Hill roads in Tuscany can be intimidating. Most are narrow, making it hard to avoid vehicles hogging your side of the centerline. Then there are tight stone walls that seem to slide by just a whisker from your wing mirror. The only way to survive is to keep your speed down.
San Sano is small enough that it wasn’t long before we knew everyone. The man who owned our villa lived in a big house next door. Ferdinando Anichini was a retired headmaster, and everyone called him “maestro”. He knew English, but stubbornly refused to speak it. However, that never hindered the wonderful conversations we had, involving our limited Italian and his arm-waving sign language. He made his own wine –after all, this was the Chianti region – though his was sour and horrible! But he loved it, and would cradle the bottle in his arms and sing to it.

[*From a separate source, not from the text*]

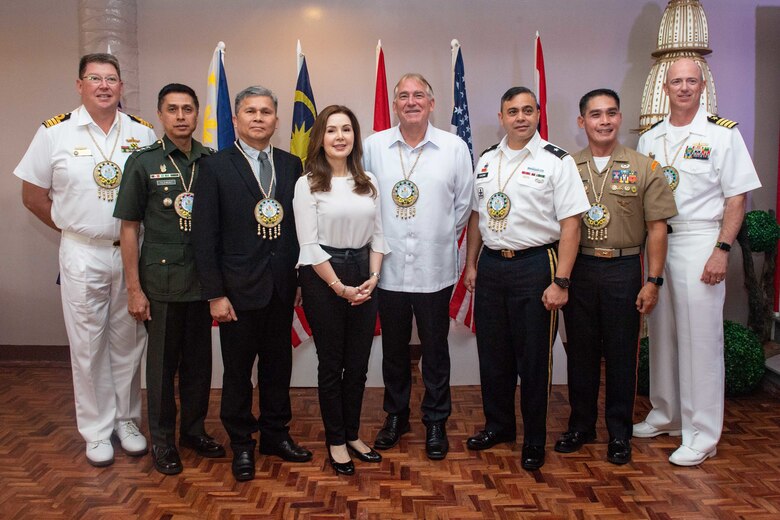 Tacloban City, Philippines – Military members and government officials from the United States, Australia and the Philippines involved in Pacific Partnership 2019 (PP19) pose for a photo during the PP19 Opening Ceremony. Pacific Partnership, now in its 14th iteration, is the largest annual multinational humanitarian assistance and disaster relief preparedness mission conducted in the Indo-Pacific. Each year the mission team works collectively with host and partner nations to enhance regional interoperability and disaster response capabilities, increase security and stability in the region, and foster new and enduring friendships in the Indo-Pacific.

Chianti has a host of wonderfully named villages: Poggibonsi, Monteriggioni, Radda, Gaiole, Greve, and perhaps the most popular, San Gimignano (often dubbed “San Jimmy” by tourists). The only way to get to these places is by car. You can park just a short walk away from smaller hamlets, but may have to fight a tide of pedestrians to get into the larger ones.

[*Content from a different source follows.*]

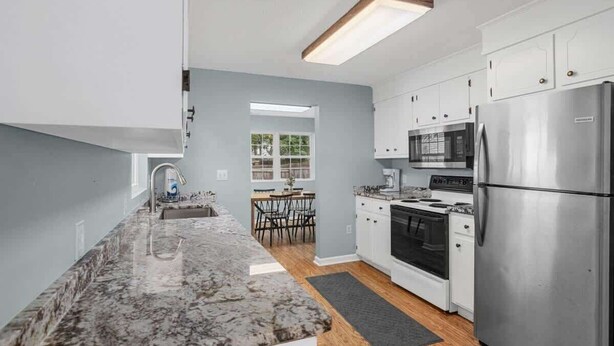 A modern kitchen with white cabinets, a granite countertop, stainless steel appliances, and a dining area with a table and chairs. - Lovely 3Br House,Beach Access,Sm Dogs,V384 (North Myrtle Beach)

San Gimignano is worth the walk. It’s a town of towers, built in medieval times as a sign of prosperity and power. I counted about 10 in view at any one time, but there were 72 of them many centuries ago. Its narrow streets just begged to be explored and we loved surprises like finding a piazza where a man sat playing a harp.
Back in San Sano, Ferdinando decided he would take us to a wine festival in a village called Vagliagli, where he used to run the school. So off we went and, of course, everyone knew him and wanted to talk. We were greeted by a brass band leading a parade of old tractors and horse-drawn wagons draped with vines and ripe grapes. Young people in vivid costume danced before a wagon carrying a model of a giant black rooster – the “Gallo Nero”, which is trademark of the best wines in Chianti.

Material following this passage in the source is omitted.